FA7X, en-route, north east of Kuala Lumpur Malaysia, 2011
FA7X, en-route, north east of Kuala Lumpur Malaysia, 2011
On 24 May 2011, a sudden uncommanded maximum upward deflection of the trimmable horizontal stabiliser occurred to a descending Dassault Falcon 7X. Automatic opposite elevator movement did not resolve the situation and an upset lasting just over 2½ minutes followed with a 9,500 feet climb at up to 41° pitch and a speed drop to 125KCAS. Only autonomous return of normal pitch response ended the control difficulty. The remainder of the flight was without further event. A single suddenly defective component with no effective crew response available and not anticipated during type certification was found to have caused the runaway.
Description
On 24 May 2011, the crew of a Dassault Falcon 7X (HB-JFN) being operated by Swiss-based Jet Link AG on a non-revenue positioning flight from Nuremberg, Germany to the Kuala Lumpur business airport at Subang in night VMC had to suddenly respond to a pitch trim runaway for which there was no procedural response. A short upset involving extreme pitch up and speed loss almost to the point of a stall followed before normal pitch control returned after less than 3 minutes with no recurrence thereafter. None of the three crew on board were injured and the aircraft was undamaged.
Investigation
The event occurred in Malaysian airspace but the Investigation was delegated to the French BEA. The aircraft was fitted with two identical flight recorders which combined the function of 25 hour FDR and a 2 hour CVR. Data were successfully downloaded from the FDR units within these recorders but as neither recorder had been electrically isolated after the flight, the voice recording data had been overwritten.
It was found that both pilots had previously flown the Falcon 900 and had only recently both become qualified to fly the Falcon 7X. The 39 year-old Captain (a native English speaker) had approximately 5 years total command experience and 3,917 hours total flying experience. This experience included 134 hours on type and he was acting as a Training Captain on the event flight. The 40 year old Co-Pilot (a native French speaker) had originally been a military pilot and had obtained a civil licence in 2008 rated on the Falcon 900 before qualifying on the Falcon 7X just over two months prior to the investigated event. He had a total of 2,685 hours total flying experience including 83 hours on type. He was undergoing line training on the event flight and acting as PF.

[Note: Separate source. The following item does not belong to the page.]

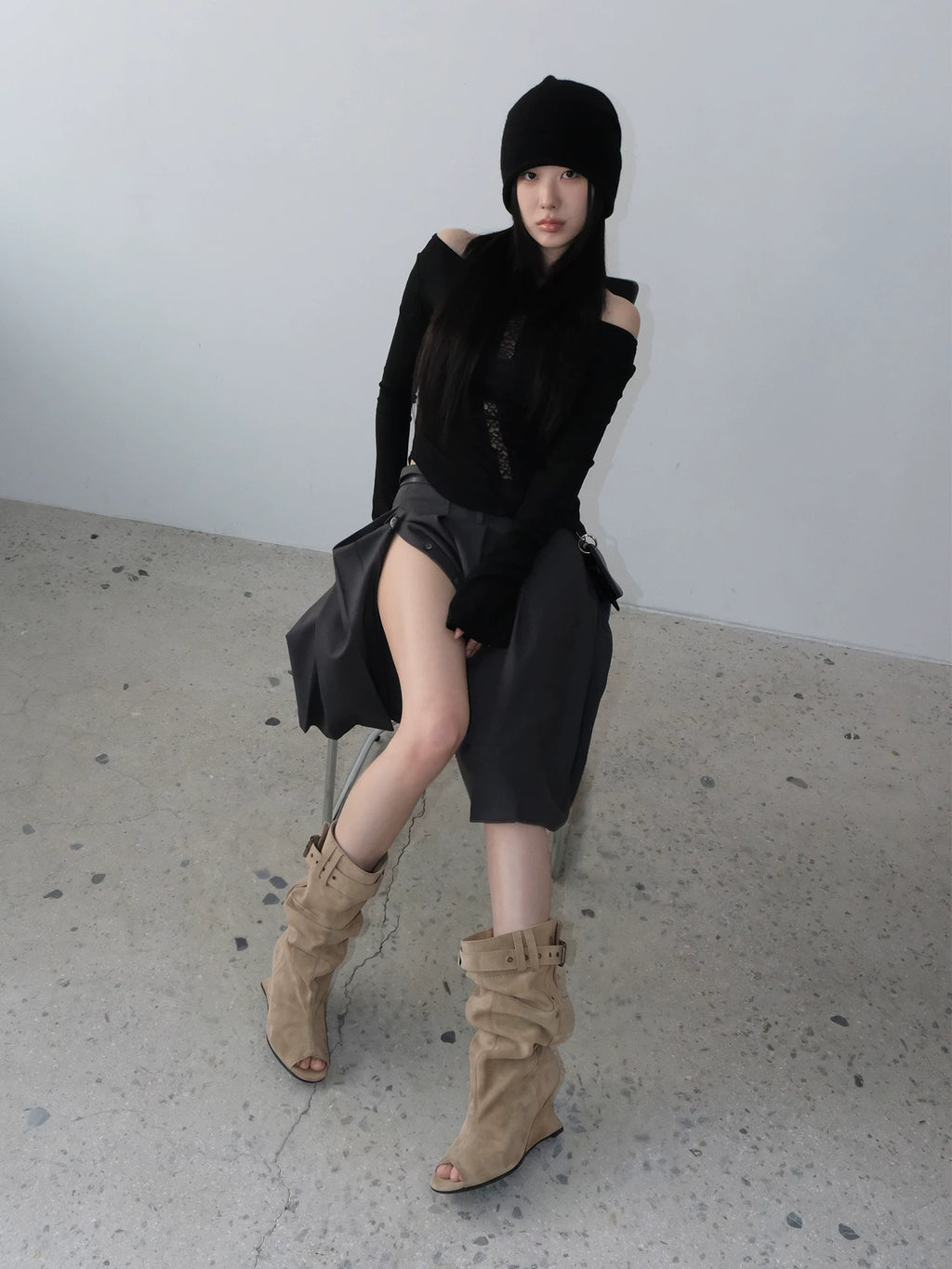 Mooreyu Vintage Belt Buckle Slope Heel Cool Boots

It was established that the flight was taking place after 4 days maintenance work at Nuremberg in respect of the engines and cabin. No work had been carried out on the flight control system. The flight had been completely uneventful and the flight control system in Normal Law until the descent towards destination. As the aircraft was passing 13,000 feet at 300 KCAS and approaching its cleared altitude of 11,000 feet with the AP and A/T engaged, the PF selected VS mode and a rate of descent of 1,300 fpm. A few seconds after this, the trimmable horizontal stabiliser (THS) went from neutral to the maximum nose up position (12°) in fifteen seconds. The prevailing flight control law automatically resulted in an opposite elevator input in response during which the AP disconnected. Aircraft pitch attitude and positive 'g' increased. The PF made various control inputs including banking up to a recorded 98° in an attempt to regain pitch control. A number of dual side stick inputs occurred with those of the Captain being mainly opposite to those of the PF. As the speed dropped to 125 KCAS, the Captain took over as PF. Almost immediately and without corresponding inputs from either pilot, as the aircraft reached 22,500 feet, the pitch attitude began to decrease. Then "for a reason unknown to the crew, the THS began to move towards a level position, going from twelve degrees to one degree nose-up in fifteen seconds" and it became possible to control the aircraft pitch normally using side stick inputs. The crew decided to continue in manual flight mode and the remainder of the flight was completed without further event.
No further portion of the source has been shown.